DeepSeek vs ChatGPT: Practical Performance Comparison
For everyday writing tasks like emails, social media content, blog posts, and business documents: ChatGPT and DeepSeek produce comparable quality output. Neither has a dramatic advantage for these common use cases.
For mathematical and logical reasoning: DeepSeek-R1 is genuinely impressive and can match or exceed ChatGPT’s o1 model on structured reasoning tasks. If you are working with complex maths, logic problems, or structured analysis, DeepSeek is worth testing.
For coding: Both are strong. Developers report that DeepSeek is particularly good at explaining its code and the reasoning behind implementation choices. For non-sensitive development work, DeepSeek is a cost-effective alternative.
For research with current information: Neither ChatGPT’s free version nor DeepSeek has strong real-time web access. For research requiring current information, Perplexity AI or ChatGPT with web browsing enabled remains the better choice.
For processing sensitive Singapore business data: ChatGPT wins clearly because of clearer data protection commitments and US-based storage away from Chinese jurisdiction.
Who Should Use DeepSeek in Singapore?
DeepSeek is appropriate and potentially valuable for Singapore users in these situations:
Developers and technical teams working on non-sensitive projects who want to reduce API costs significantly. Running DeepSeek self-hosted or through its API for development work that does not involve personal data or confidential business information is a legitimate and economically sensible choice.
Students and individuals using it for learning, personal projects, mathematics practice, and general exploration. If you are using AI to understand a concept, practise a skill, or explore ideas with no sensitive data involved, DeepSeek is a capable free tool.

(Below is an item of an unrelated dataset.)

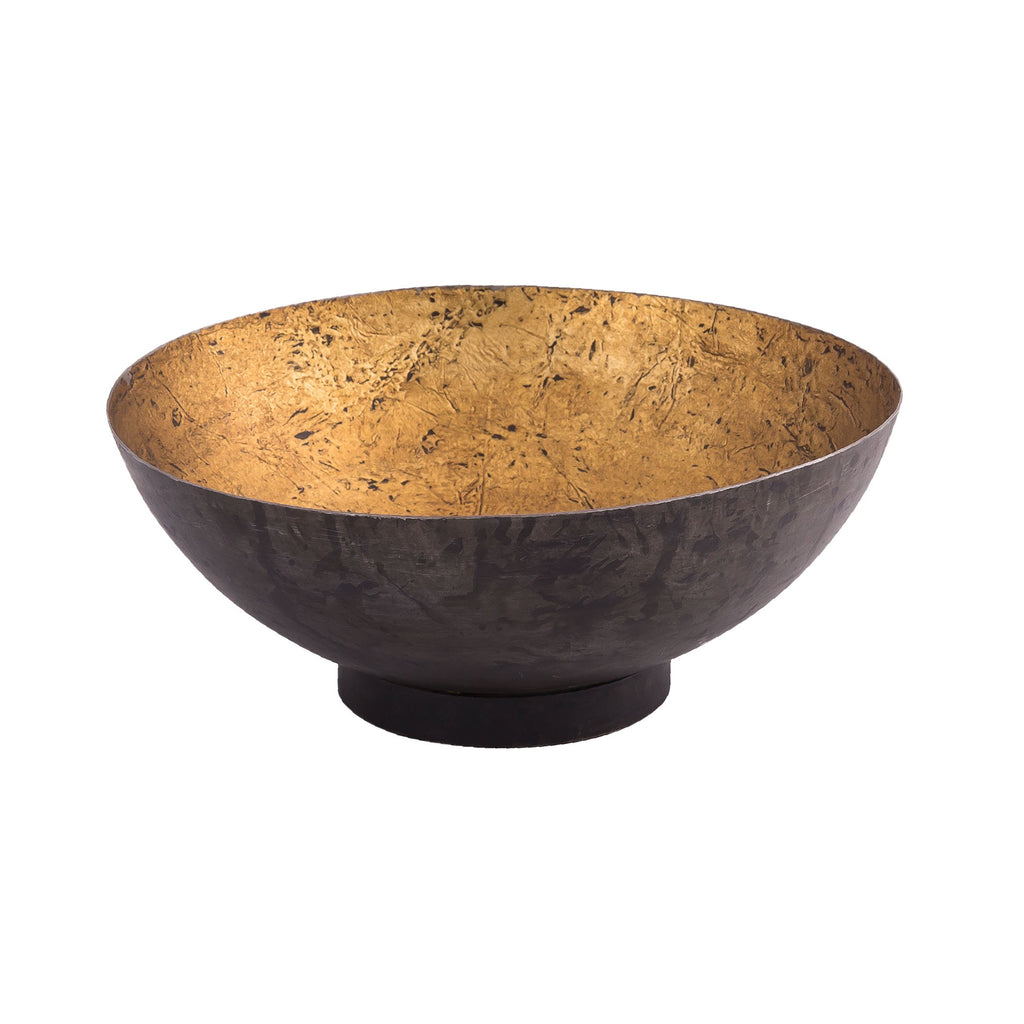 BOWL027 - Iron Bowl in Antique Gold and Black - Large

Researchers in academic settings working on publicly available topics who want to compare AI model outputs and understand different AI approaches.
Who Should Not Use DeepSeek in Singapore?
Singapore businesses handling customer personal data should not enter that data into DeepSeek. The PDPA obligations mean you need to be careful about where personal data is processed and stored, and DeepSeek’s Chinese data storage creates compliance risk.
Professionals in regulated industries — financial advisors, lawyers, healthcare workers, accountants — should avoid using DeepSeek for any client-related work. The data handling practices are not compatible with the confidentiality obligations these professions carry in Singapore.
Government and public sector employees should not use DeepSeek for work-related tasks. This is consistent with the approach taken by multiple allied governments.
Anyone whose work involves information that could be commercially or competitively sensitive should stick with established providers who have clear, auditable data protection commitments.
The Bottom Line for Singaporeans
DeepSeek is a genuine technological achievement and a significant development in the AI landscape. It demonstrates that powerful AI can be built more efficiently than previously assumed, which is ultimately good for everyone because it will drive down costs across the industry.
But for most Singapore users — businesses, professionals, government employees, anyone handling personal or sensitive data — the data privacy and censorship concerns make it an inappropriate choice as a primary AI tool. The risk is not theoretical; it is a real compliance and data sovereignty concern.
Use ChatGPT, Claude, or Gemini for your work. Try DeepSeek out of curiosity for personal tasks that involve no sensitive data if you want to understand what it does. But do not let its impressive benchmark performance convince you to compromise on data protection for your business or your clients.